Psychologically and historically unbelievable is also the Jewish woman’s cynical remark that she had left her child in order to go and fight ‘I do not know what for.’ She went to fight for life, for her loved ones, to fight the murderers as did all the others who had such an opportunity, even if in doing so she sought to establish a  communist regime power, which subsequently disillusioned her. It is not true that as a prosecutor she ‘sent people to their death.’ Even if on the basis of the indictment she demanded the death penalty, it was the judges and jurors who convicted and sentenced the accused. They often did so on orders from above but not from the prosecutor. Historically untrue is also her sarcastic statement that she prosecuted ‘enemies of the people.’ This phrase was used in Soviet political trials in the second half of the 1930s when the children of revolution devoured one another. People’s Poland punished concrete acts against the state, and acts of betrayal, such as collaboration with the German occupier, cooperation with (genuine or fictitious) anticommunist organizations, or hostile intelligence agents. I remember lengthy radio broadcasts of such trials, and, as an activist of ZMP (Związek Młodzieży Polskiej—the Polish equivalent of Soviet Komsomol), I parroted the insults that were levelled against such people;  these did not include ‘enemies of the people.’
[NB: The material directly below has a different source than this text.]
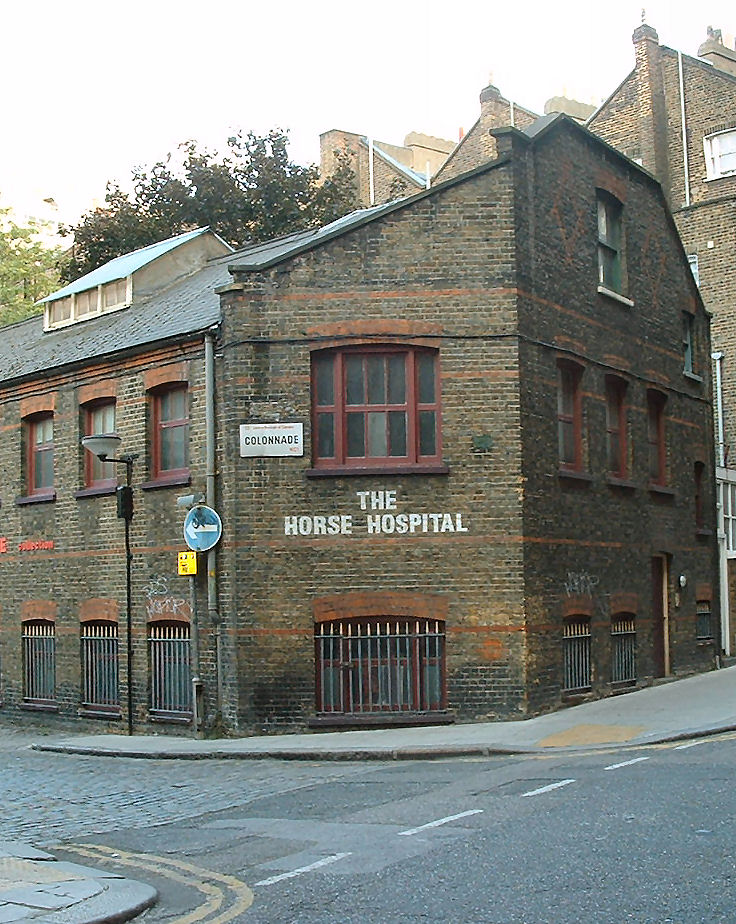 Horse Hospital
Like Our Class, Ida is a morality play, but with a much more pessimistic moral for the Jewish viewer. Both its Jewish heroines are lost; one commits suicide, the other returns to the convent, which means a flight from life if not outright suicide. The Christian religious victory, though well-founded, is obviously not a consolation. The conclusive rhetorical question the young heroine asks her suitor: ‘And what then?’ is ambiguous and not only philosophically . For what would a daughter of murdered Jewish parents tell her non-Jewish children when they are stigmatized as Jews?